■ YOUR TASK
Every line from the start of the entries up to and including the one bearing "VESTIDO CL DE UN HOMBRO CON APLICACION" must be printed verbatim, without the pictures.
++++++++++
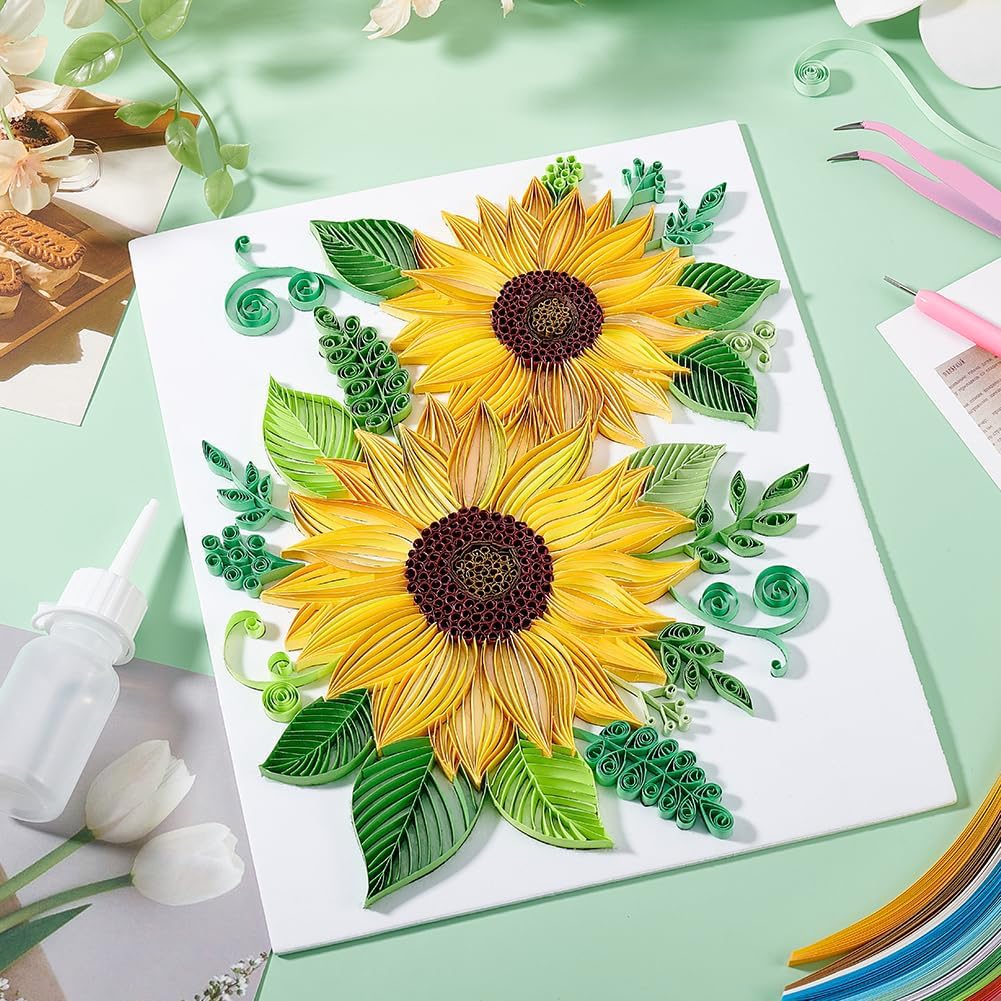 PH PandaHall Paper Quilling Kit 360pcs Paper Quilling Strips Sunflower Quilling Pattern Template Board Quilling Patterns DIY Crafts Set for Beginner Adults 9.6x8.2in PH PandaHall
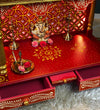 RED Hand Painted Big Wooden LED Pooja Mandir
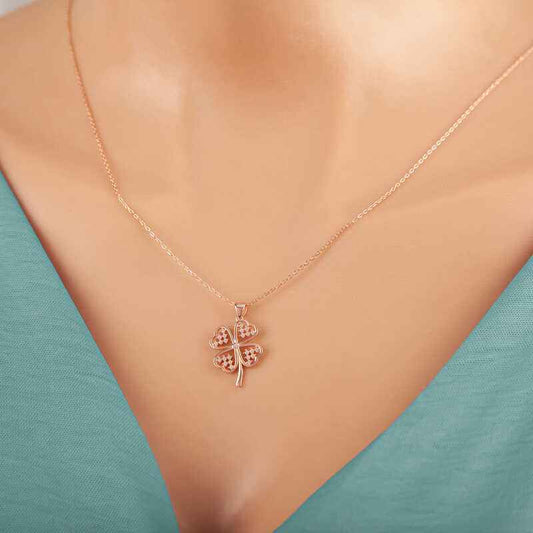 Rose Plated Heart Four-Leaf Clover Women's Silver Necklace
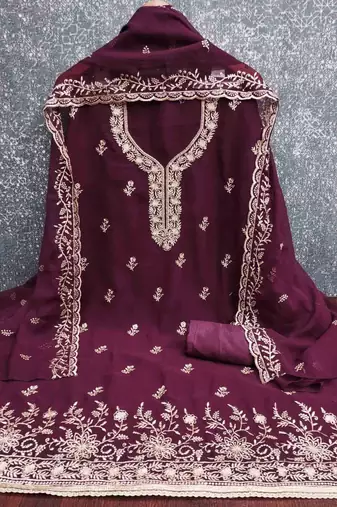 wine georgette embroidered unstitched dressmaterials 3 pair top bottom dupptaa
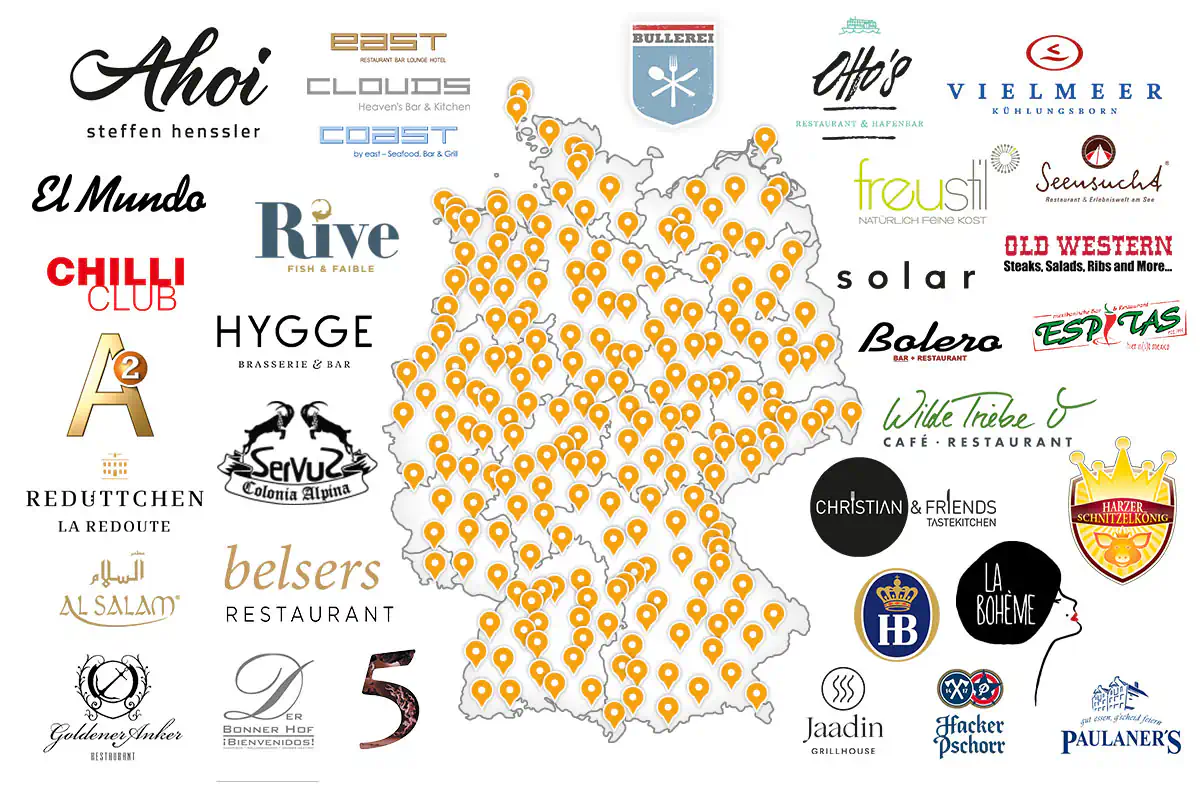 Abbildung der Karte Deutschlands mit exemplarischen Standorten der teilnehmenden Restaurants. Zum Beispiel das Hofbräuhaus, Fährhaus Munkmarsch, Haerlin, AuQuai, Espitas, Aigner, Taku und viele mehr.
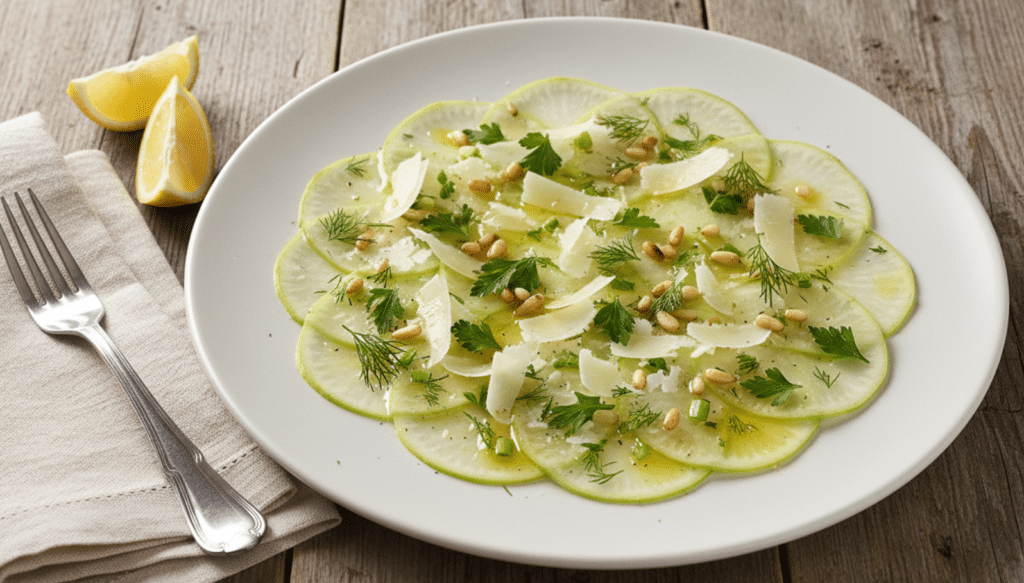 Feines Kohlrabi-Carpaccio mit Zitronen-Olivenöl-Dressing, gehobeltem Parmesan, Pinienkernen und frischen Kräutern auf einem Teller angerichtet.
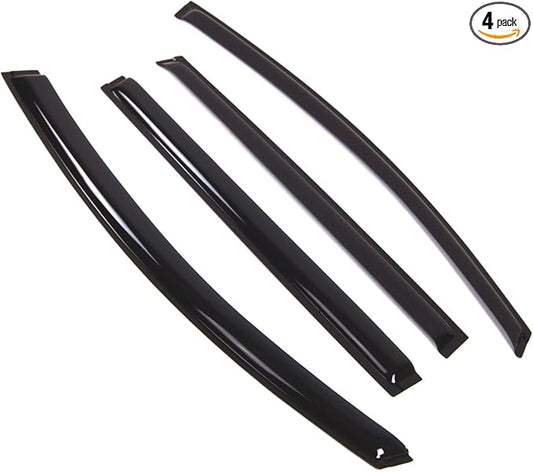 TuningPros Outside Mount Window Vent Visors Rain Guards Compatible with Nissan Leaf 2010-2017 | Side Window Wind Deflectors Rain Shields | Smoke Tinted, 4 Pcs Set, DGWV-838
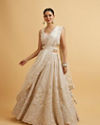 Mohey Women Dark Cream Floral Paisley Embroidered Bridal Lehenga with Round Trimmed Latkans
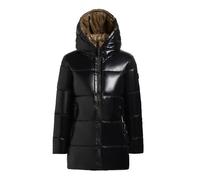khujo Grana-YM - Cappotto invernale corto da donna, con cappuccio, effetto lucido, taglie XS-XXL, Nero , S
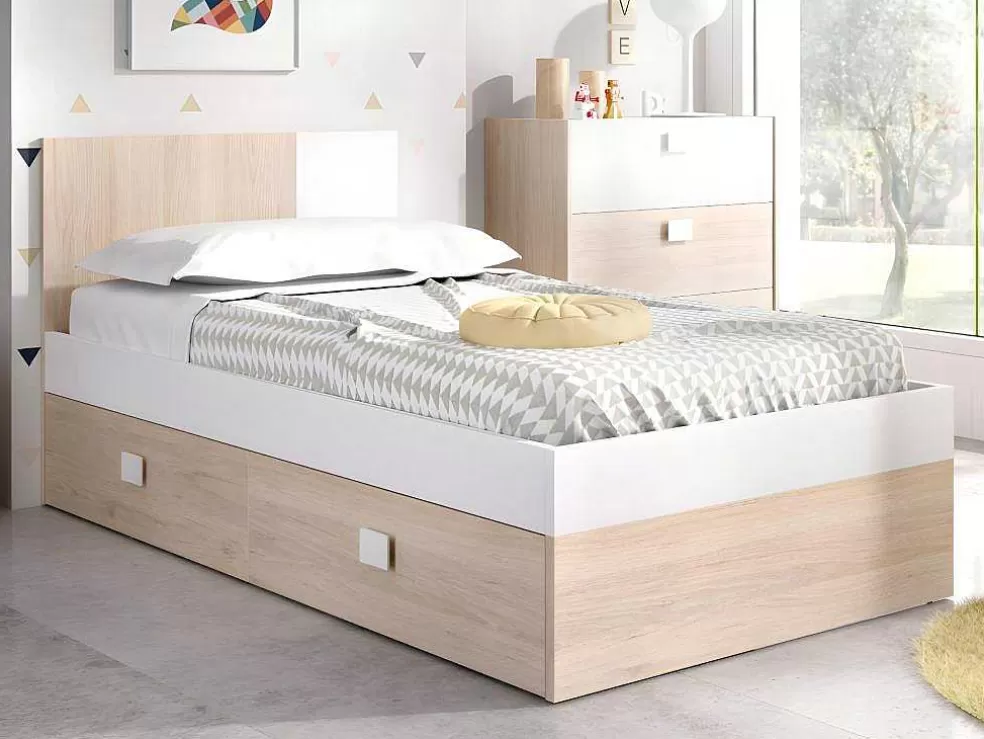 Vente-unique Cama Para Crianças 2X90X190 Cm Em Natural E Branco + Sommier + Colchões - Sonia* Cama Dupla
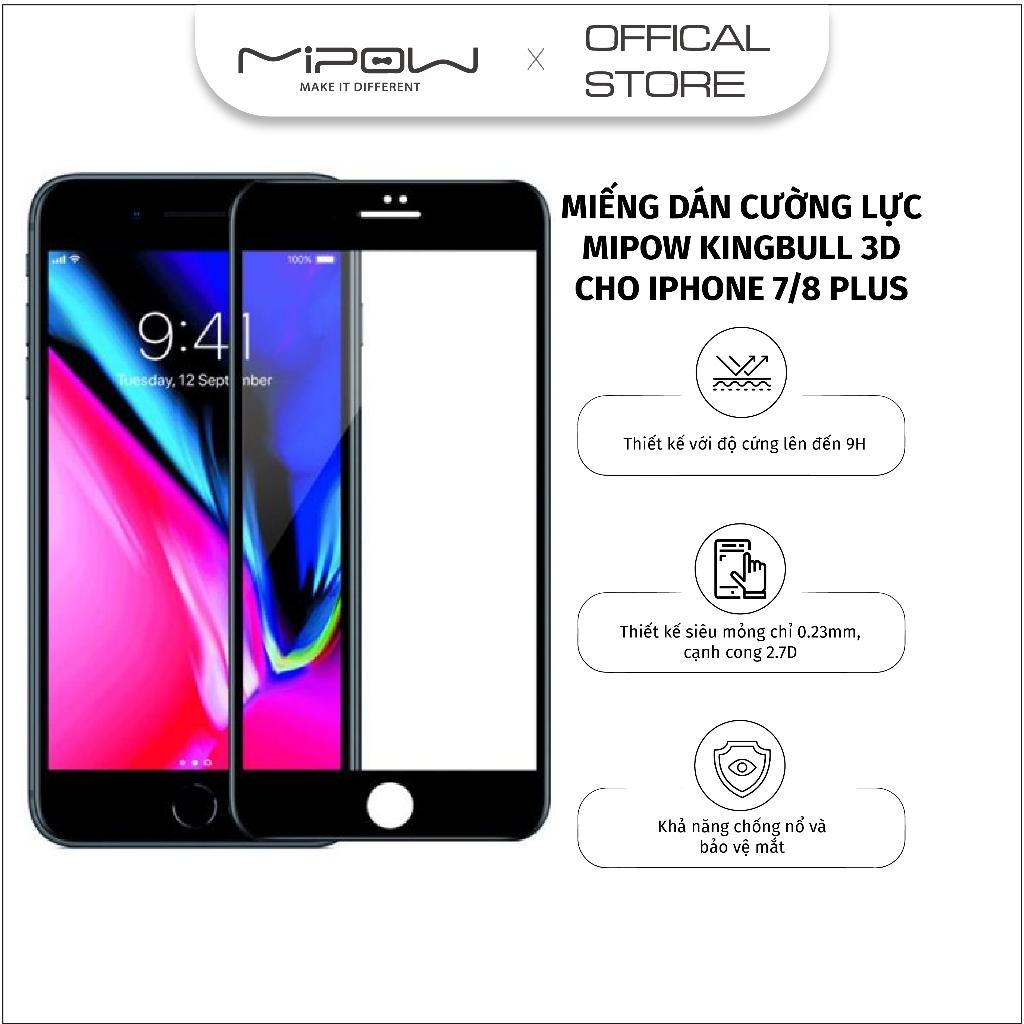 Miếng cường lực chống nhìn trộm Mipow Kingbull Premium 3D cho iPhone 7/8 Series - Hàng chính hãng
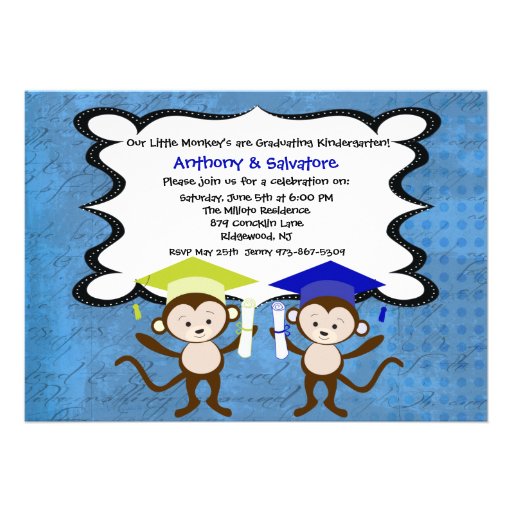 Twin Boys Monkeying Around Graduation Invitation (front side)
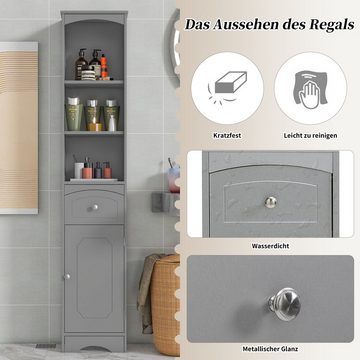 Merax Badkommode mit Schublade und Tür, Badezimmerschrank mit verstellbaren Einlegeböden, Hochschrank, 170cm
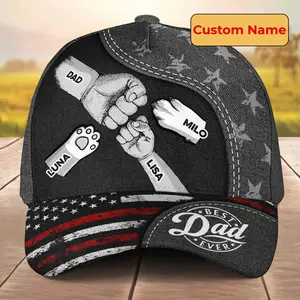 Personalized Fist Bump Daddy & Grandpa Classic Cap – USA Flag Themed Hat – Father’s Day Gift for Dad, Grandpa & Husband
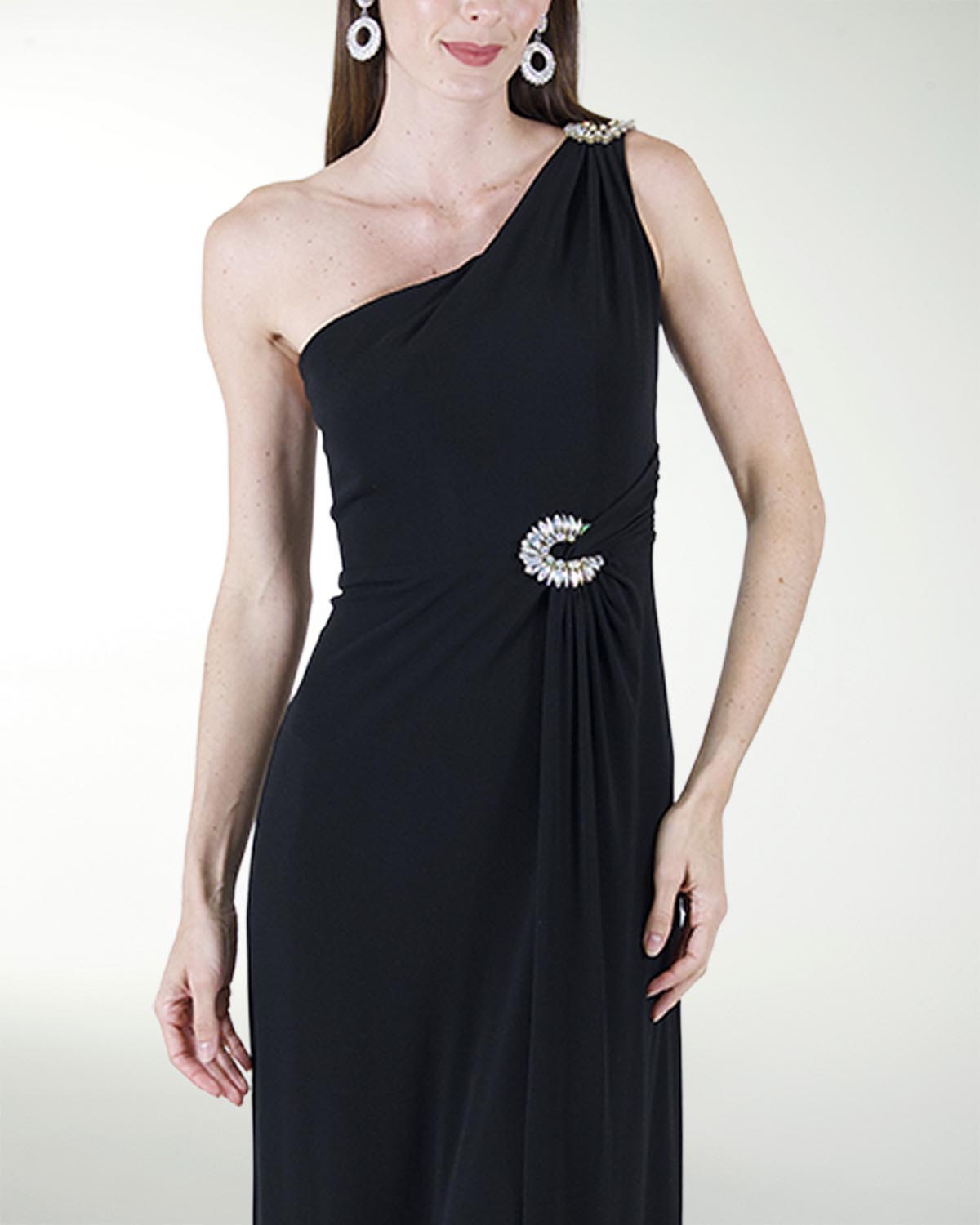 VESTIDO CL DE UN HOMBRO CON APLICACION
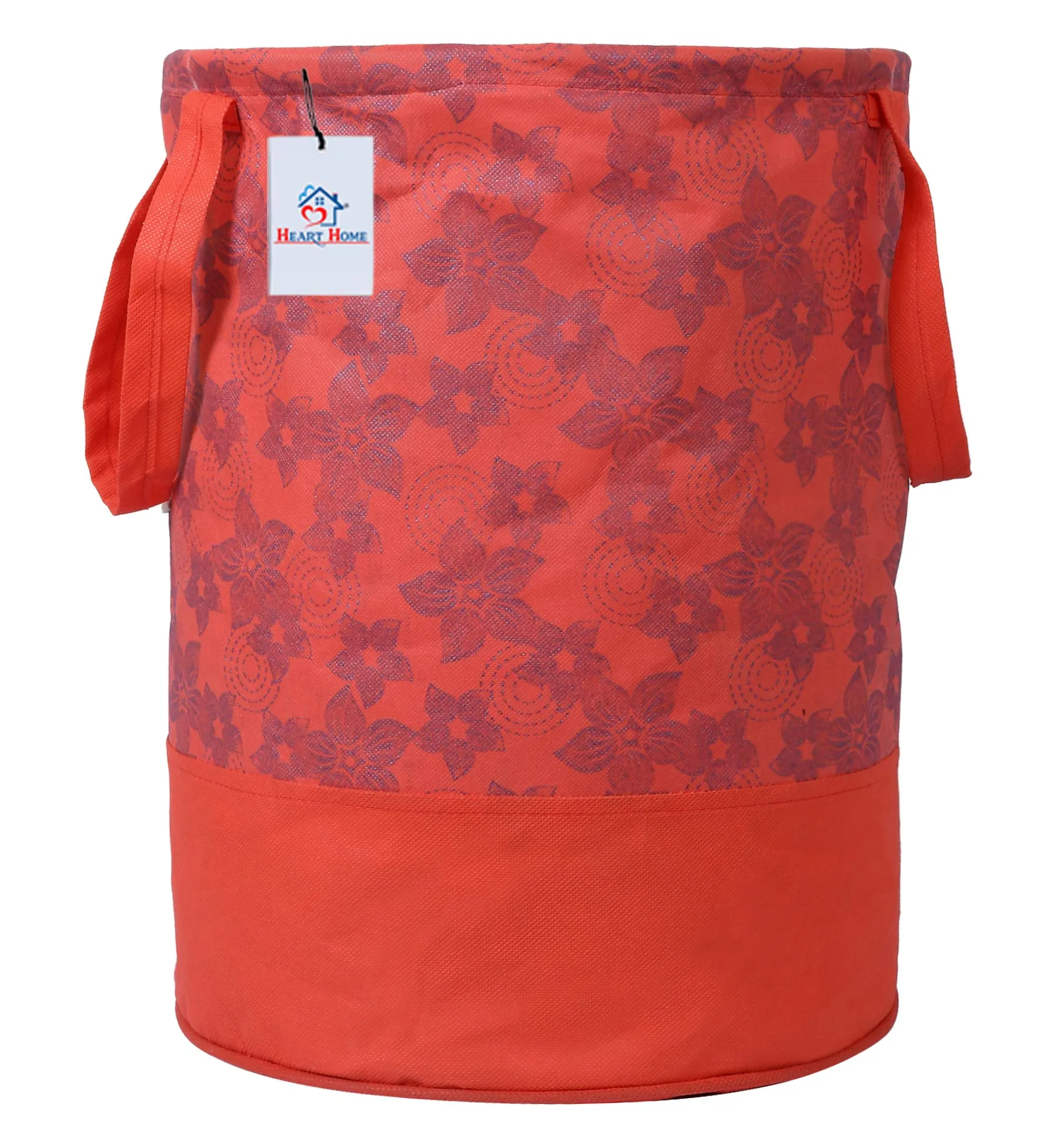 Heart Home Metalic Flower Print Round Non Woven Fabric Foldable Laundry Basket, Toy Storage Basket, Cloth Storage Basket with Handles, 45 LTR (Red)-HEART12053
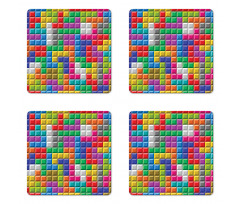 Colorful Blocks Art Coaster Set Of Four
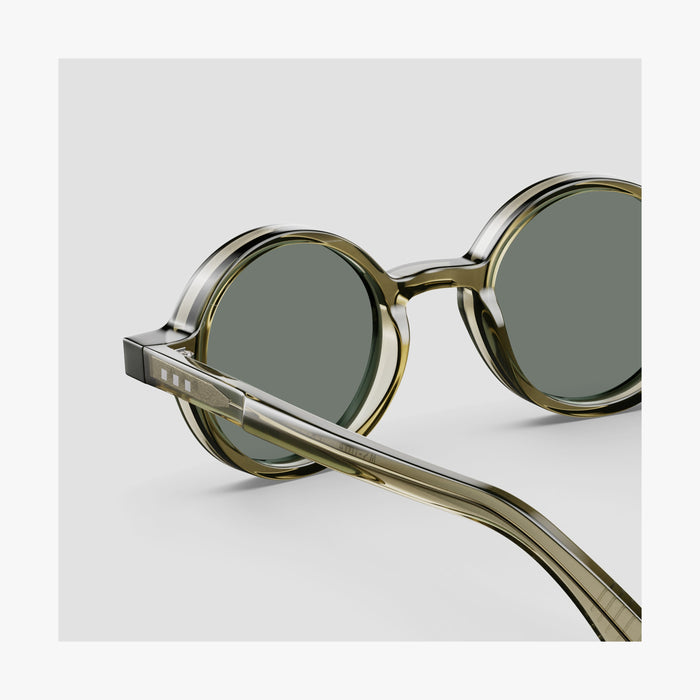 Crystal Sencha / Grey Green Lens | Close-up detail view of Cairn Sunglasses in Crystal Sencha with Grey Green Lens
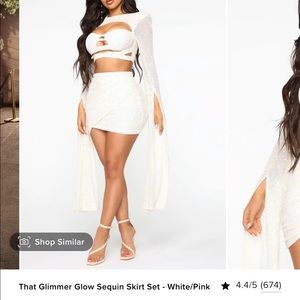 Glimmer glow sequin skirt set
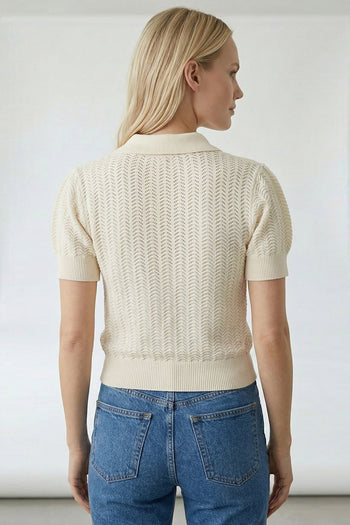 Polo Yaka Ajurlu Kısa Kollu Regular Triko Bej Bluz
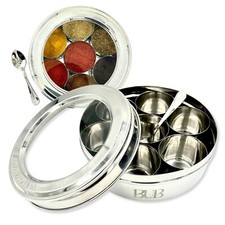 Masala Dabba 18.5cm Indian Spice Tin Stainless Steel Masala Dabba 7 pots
++++++++++
■ PROBLEM SOLUTION
 PH PandaHall Paper Quilling Kit 360pcs Paper Quilling Strips Sunflower Quilling Pattern Template Board Quilling Patterns DIY Crafts Set for Beginner Adults 9.6x8.2in PH PandaHall
 RED Hand Painted Big Wooden LED Pooja Mandir
 Rose Plated Heart Four-Leaf Clover Women's Silver Necklace
 wine georgette embroidered unstitched dressmaterials 3 pair top bottom dupptaa
 Abbildung der Karte Deutschlands mit exemplarischen Standorten der teilnehmenden Restaurants. Zum Beispiel das Hofbräuhaus, Fährhaus Munkmarsch, Haerlin, AuQuai, Espitas, Aigner, Taku und viele mehr.
 Feines Kohlrabi-Carpaccio mit Zitronen-Olivenöl-Dressing, gehobeltem Parmesan, Pinienkernen und frischen Kräutern auf einem Teller angerichtet.
 TuningPros Outside Mount Window Vent Visors Rain Guards Compatible with Nissan Leaf 2010-2017 | Side Window Wind Deflectors Rain Shields | Smoke Tinted, 4 Pcs Set, DGWV-838
 Mohey Women Dark Cream Floral Paisley Embroidered Bridal Lehenga with Round Trimmed Latkans
khujo Grana-YM - Cappotto invernale corto da donna, con cappuccio, effetto lucido, taglie XS-XXL, Nero , S
 Vente-unique Cama Para Crianças 2X90X190 Cm Em Natural E Branco + Sommier + Colchões - Sonia* Cama Dupla
 Miếng cường lực chống nhìn trộm Mipow Kingbull Premium 3D cho iPhone 7/8 Series - Hàng chính hãng
 Twin Boys Monkeying Around Graduation Invitation (front side)
 Merax Badkommode mit Schublade und Tür, Badezimmerschrank mit verstellbaren Einlegeböden, Hochschrank, 170cm
 Personalized Fist Bump Daddy & Grandpa Classic Cap – USA Flag Themed Hat – Father’s Day Gift for Dad, Grandpa & Husband
 VESTIDO CL DE UN HOMBRO CON APLICACION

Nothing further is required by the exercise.